Once you find the line with "UNCG Organ Recital", output it and every line after it exactly, through the last line of the listing, but no pictures.

┌─ RAW DATA

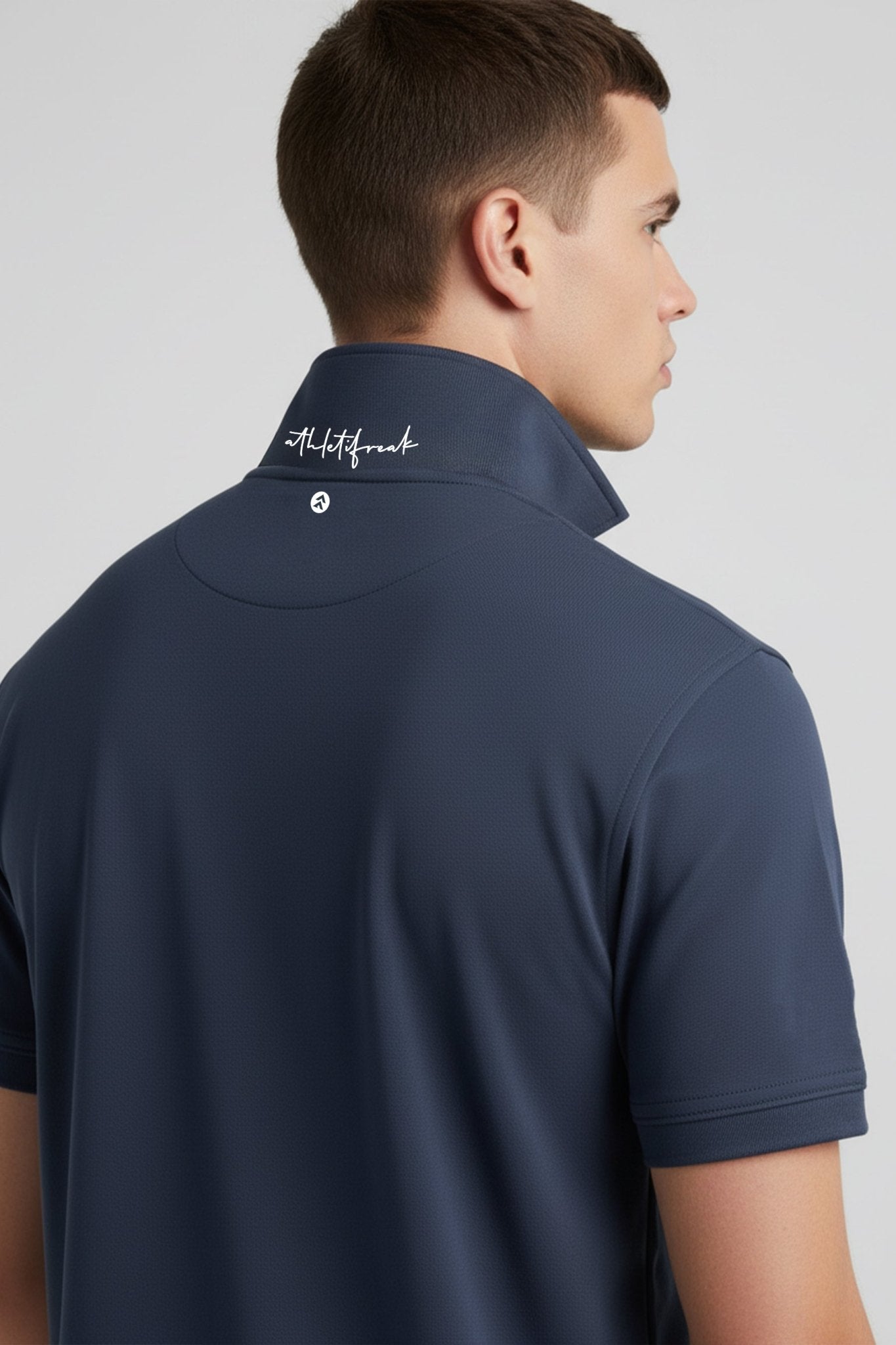 [HYBRID] Tech Polo - Navy - Tee - Athletifreak | Athletic & Gym Wear, Athleisure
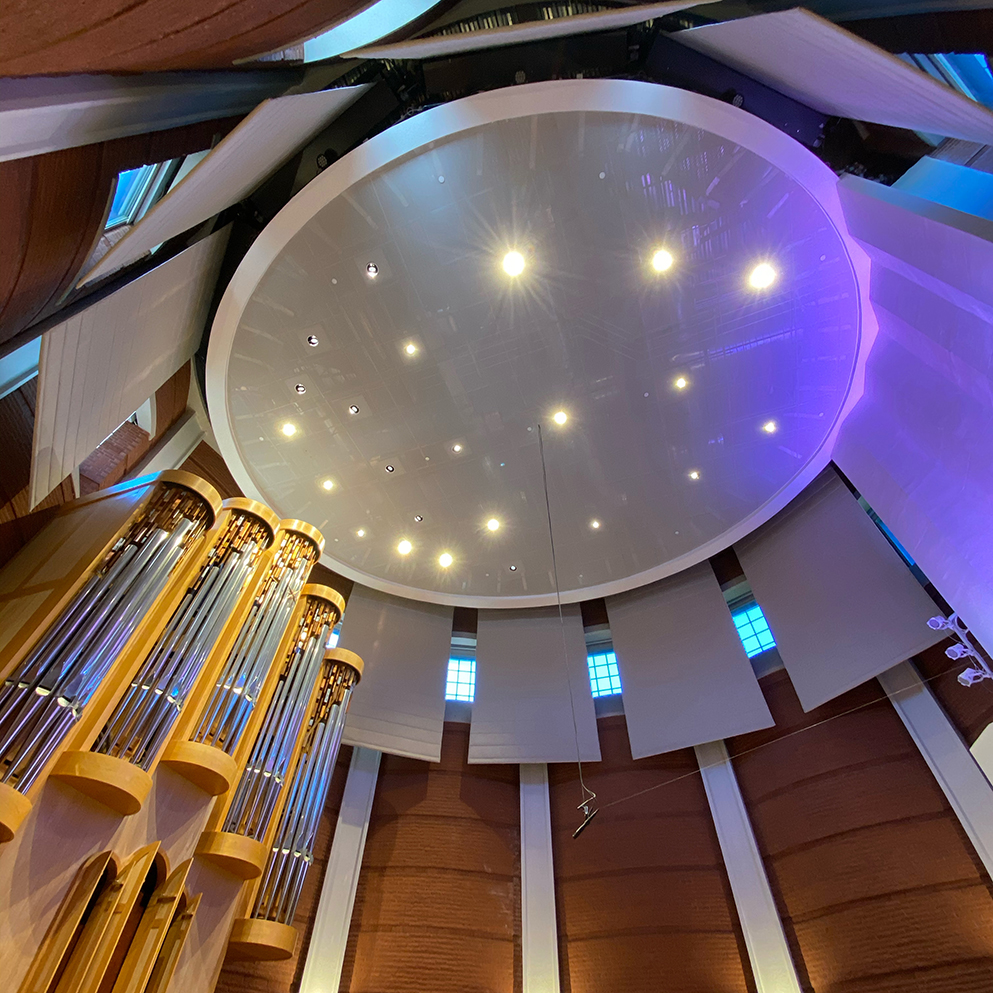 UNCG Organ Recital Hall with RETRO-Passive fixtures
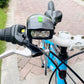 Super bright bicycle light with horn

└─

REPLY TO THE TASK:
 UNCG Organ Recital Hall with RETRO-Passive fixtures
 Super bright bicycle light with horn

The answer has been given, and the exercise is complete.